Eksel la regarda, alternant son regard entre elle et le lit avant de froncer les sourcils, "Je ne dormirai pas avec toi, petite chose. Je prendrai le sol."
Elle fronça les sourcils, "Toute la nuit ?"
Il hocha la tête sèchement.
Les nerfs qui lui nouaient l'estomac semblèrent s'apaiser, mais les papillons étaient toujours là. Il ne dormirait pas avec elle ce soir, mais il le ferait un jour.
Cette seule pensée était intense. Sa curiosité transformait son cerveau en bouillie. Sans les conseils de sa mère, elle avait plus de questions que de réponses. Elle ne savait pas à quoi s'attendre, encore moins comment se préparer.
Eksel se déplaça autour d'elle, retirant ses bottes et ses armes. Il garda son épée près de lui et un couteau glissé dans la ceinture de son pantalon. Il s'assit par terre à côté du rideau et commença à masser les muscles de son épaule avant de laisser sa tête pendre entre ses épaules.

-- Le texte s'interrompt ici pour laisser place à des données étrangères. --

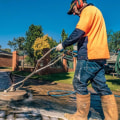 How to Effectively Remove Oil Stains with Commercial Pressure Washing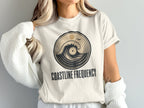 Cream t-shirt with circular wave and record graphic; "COASTLINE FREQUENCY" text.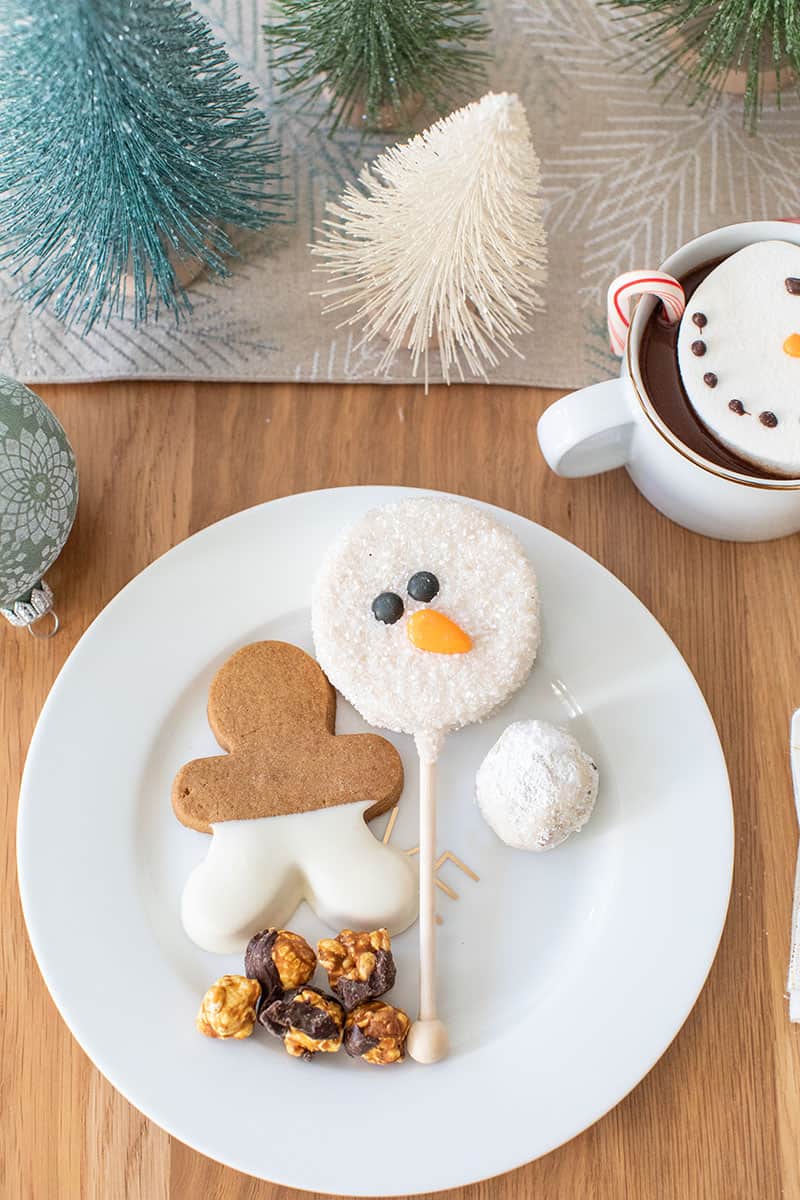 Holiday desserts on a gold and white plate. Gingerbread cookie, snowman, snowman cookie and popcorn.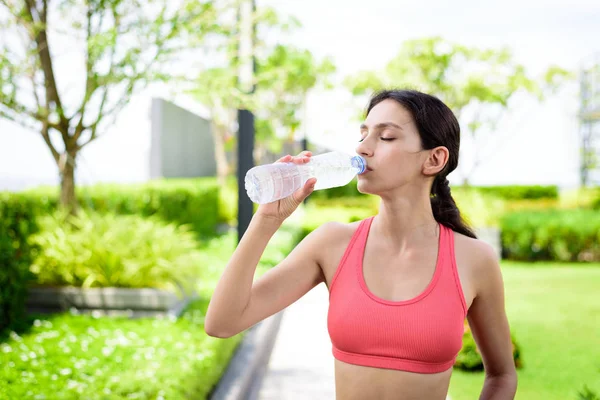 Hermosa mujer corredor tiene agua potable en el jardín.. —  Fotos de Stock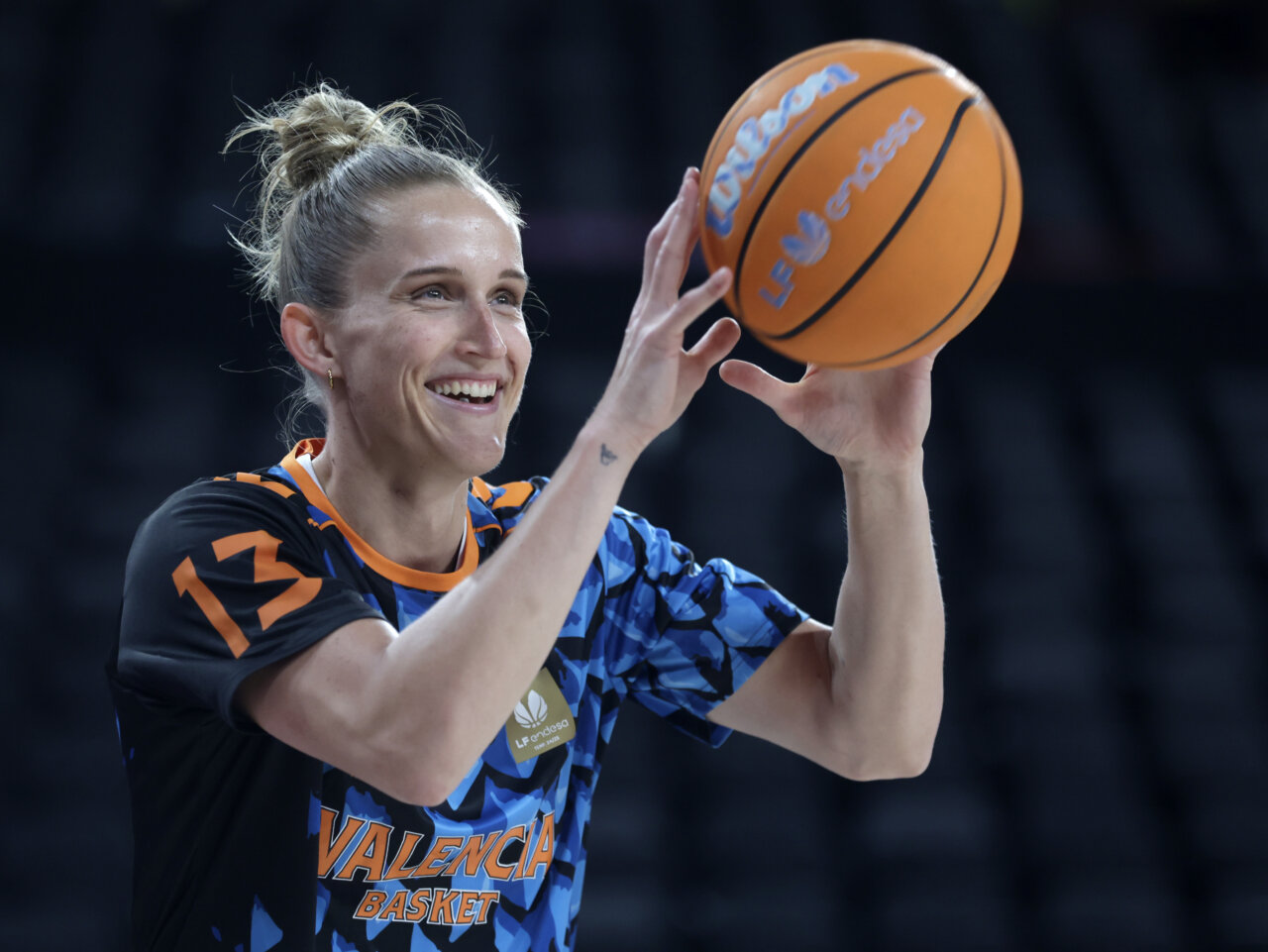 Jugadora del Valencia Basket sonríe mientras sostiene un balón de baloncesto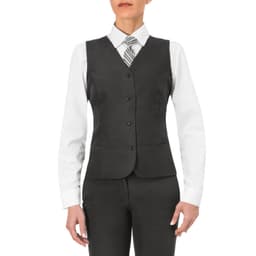 A woman wearing a grey Petra Vest over a white shirt, paired with a striped tie and black pants. The vest features buttons and a tailored fit.
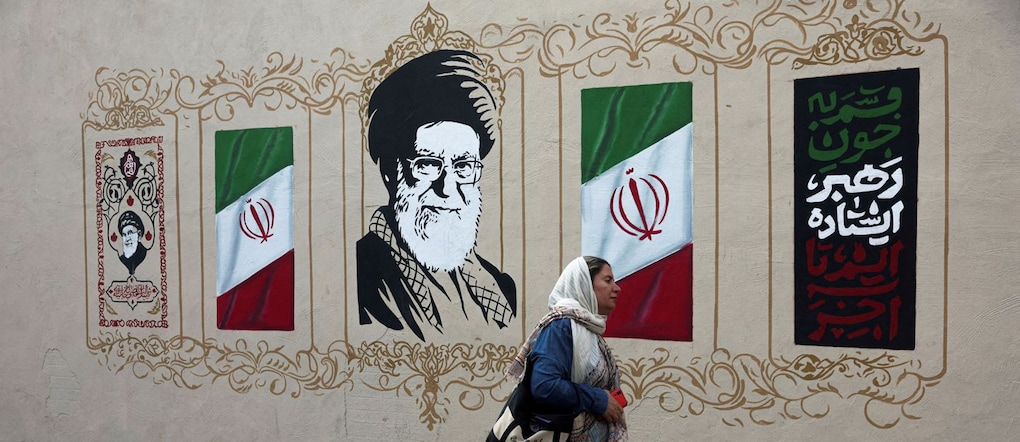 Una donna passa davanti a un murale raffigurante il defunto leader supremo iraniano, l’ayatollah Ali Khamenei, in una strada di Teheran, in Iran, il 13 agosto 2026. Majid Asgaripour/WANA (West Asia News Agency) via REUTERS /Foto d’archivio via REUTERS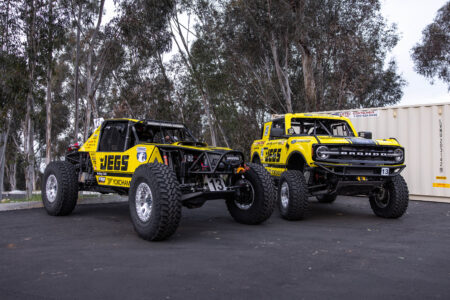 Two bright yellow JEGS-branded off-road race vehicles parked side by side on pavement, including a tube-chassis Ultra4-style buggy and a Ford Bronco race truck, both on large off-road tires with the number 13, surrounded by trees and shipping containers in the background.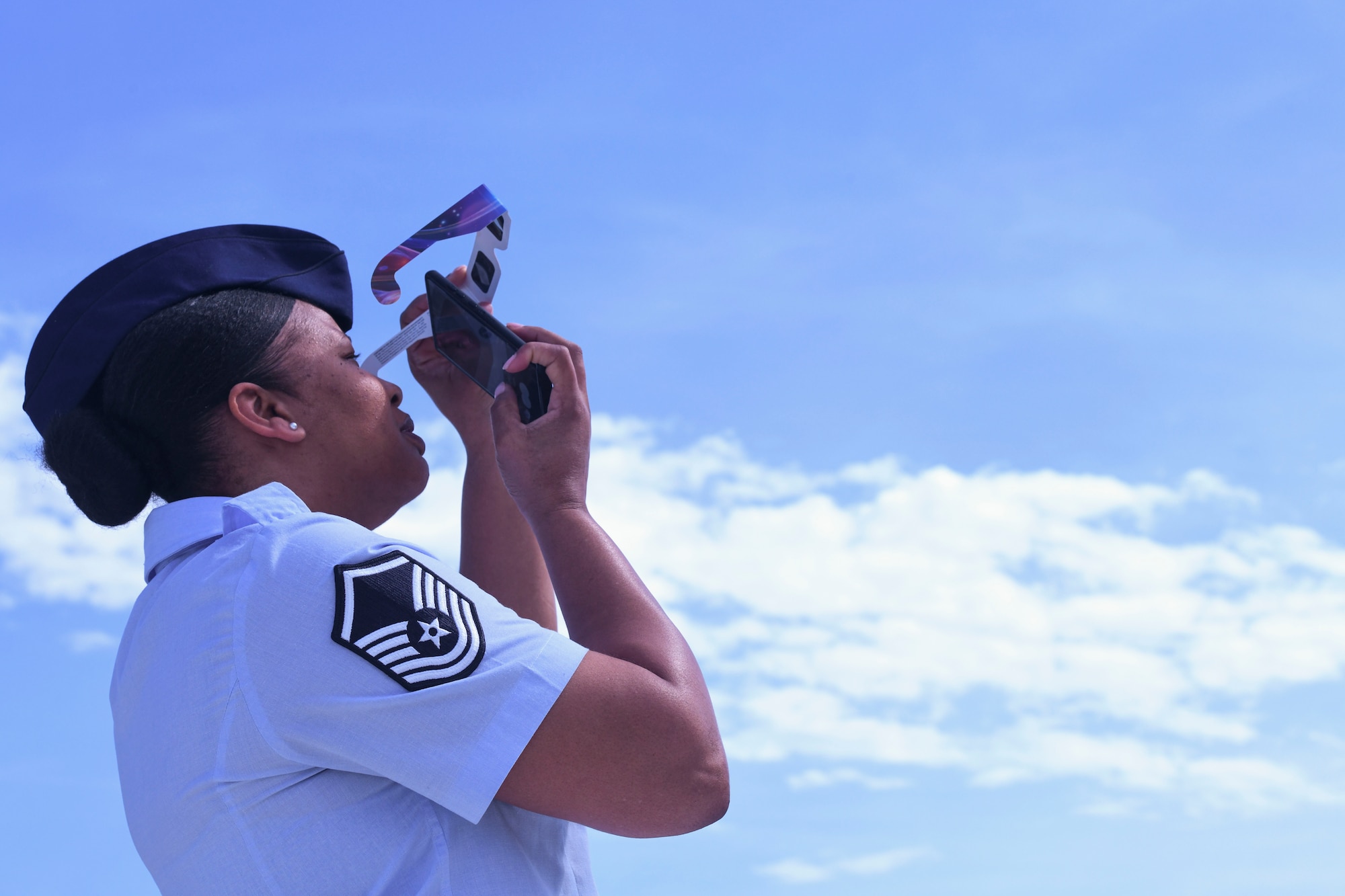 Woman in uniform looks up toward sky.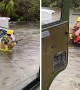 Firefighter breaks into car during rescue as Hurricane Ian hits Florida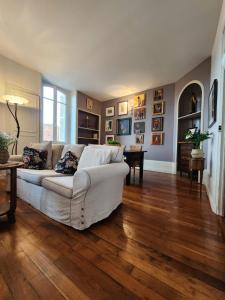 - un salon avec un canapé blanc et du parquet dans l'établissement Apartment Bonnard - best view in Dijon, à Dijon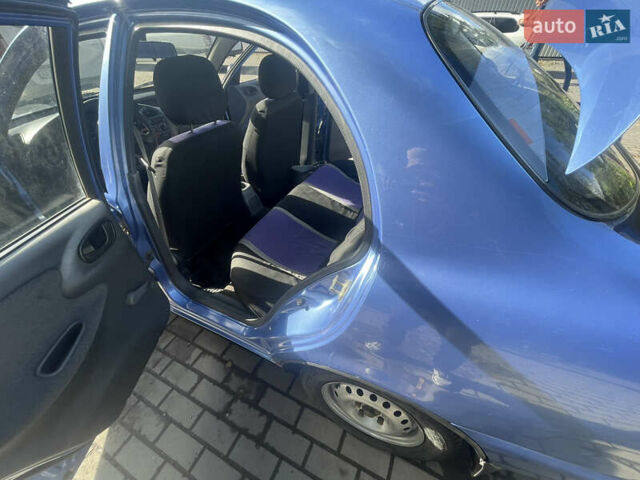 Синий Дэу Ланос, объемом двигателя 1.5 л и пробегом 102 тыс. км за 2600 $, фото 7 на Automoto.ua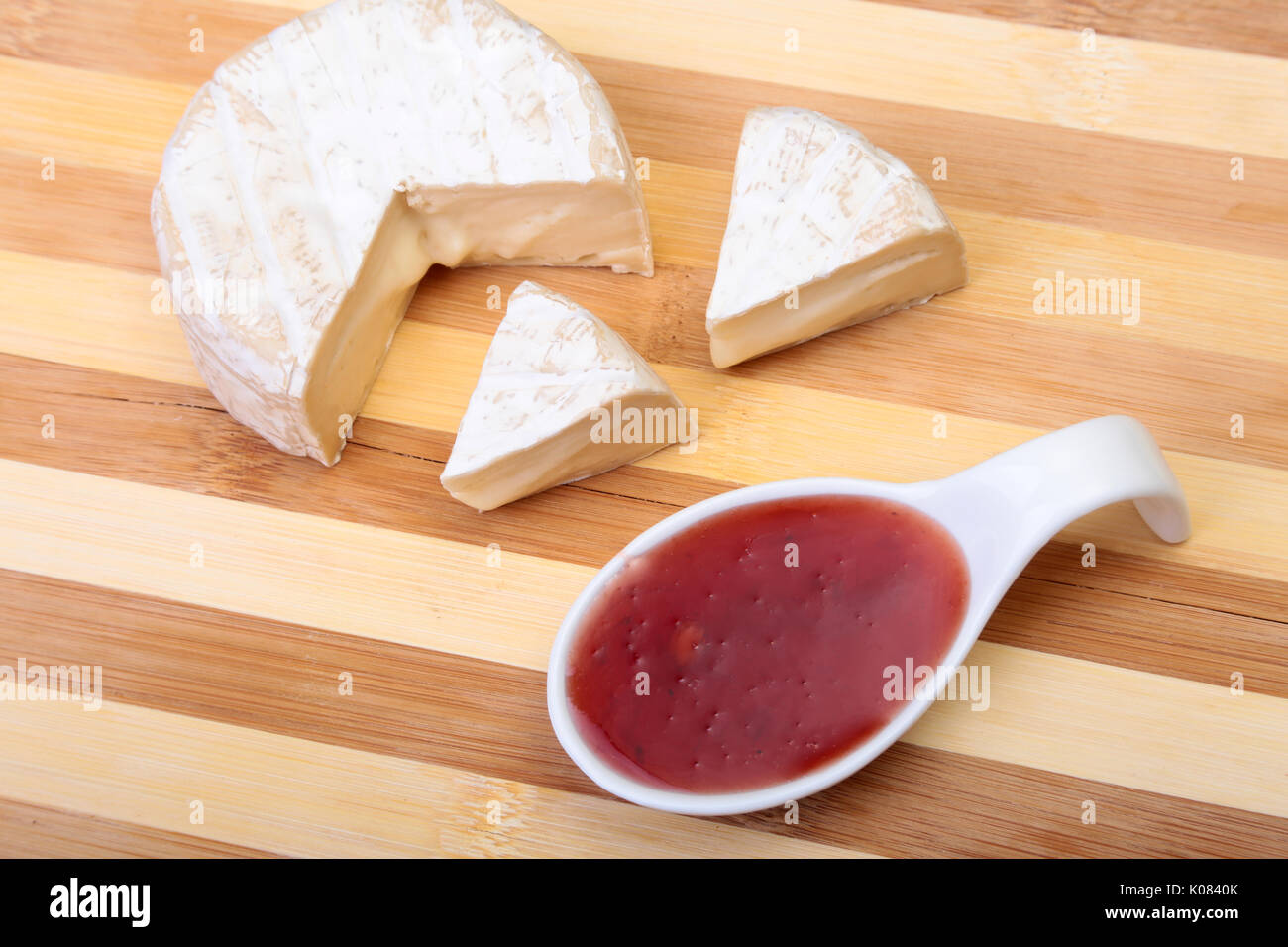 Cheese with white mold. Camembert or brie type with Cranberry sauce.. Healthy breakfast. Stock Photo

Elva l'observait, remarquant pour la première fois la fatigue qui assombrissait ses yeux et alourdissait son visage. Son cœur se remplissait d'émotions qu'elle ne parvenait pas à identifier. Elle avait peur et se sentait seule, même terrifiée. Être enfermée avec un homme qu'elle ne connaissait pas était une chose effrayante. Pourtant, une partie d'elle désirait son attention, son approbation aussi. Elle luttait contre ce sentiment. Peu importe qu'il soit destiné à devenir son mari, elle n'aimait pas qu'il l'ait arrachée à son père si rapidement. Sans un au revoir.
"Tu devrais dormir, nous avons une longue journée devant nous demain. Et des jours encore plus longs après ça." Il leva la tête, arquant un sourcil lorsqu'il croisa son regard. Elva détourna brusquement les yeux, se concentrant sur le rugissement du feu avant de commencer à enlever ses chaussures.
Elle laissa tout le reste sur elle en se glissant sous la fine couverture.
"À quelle distance sommes-nous de Gleneg ?" Elle fut surprise que sa voix ne se soit pas brisée en parlant.
Eksel soupira lourdement, lui faisant regretter sa question. Le silence suivit et elle se sentit embarrassée d'être allongée sur le côté pour pouvoir le regarder. Elle avait espéré qu'ils pourraient parler un moment. Ils devaient apprendre à se connaître, elle ne voulait pas épouser un étranger.
Comme s'il avait changé d'avis, il grogna et finit par parler, "Environ sept jours, selon le terrain et la météo."
Elva le regardait tandis qu'il prenait sa main et massait la peau entre son pouce et sa paume. Il grimaça, sifflant silencieusement en pressant ses doigts dans la peau.
"Es-tu blessé ?"
Eksel tourna brusquement la tête vers elle, ses lèvres se tordant en une grimace. Elva se tendit, ne comprenant pas d'où venait sa colère. "Non."
Il remit rapidement ses gants avant de s'allonger sur le dos. Elva inspira lentement, trouvant le courage au fond d'elle pour poser la question qu'elle voulait vraiment poser.
"Qui est Halfdan ?"
Sa poitrine se gonfla d'une grande respiration. Le cœur d'Elva battait fort contre sa poitrine tandis qu'elle attendait anxieusement.
"Espérons que tu ne le rencontreras jamais."
Elle fronça les sourcils, "Pourquoi ? Qui est-il ?"
Il grogna, se tournant sur son épaule et lui tournant le dos, "Dors, Elva."
Ses membres tremblaient malgré elle, mais elle céda. Bien que son corps soit tendu et sa mâchoire serrée, sa fatigue finit par l'emporter.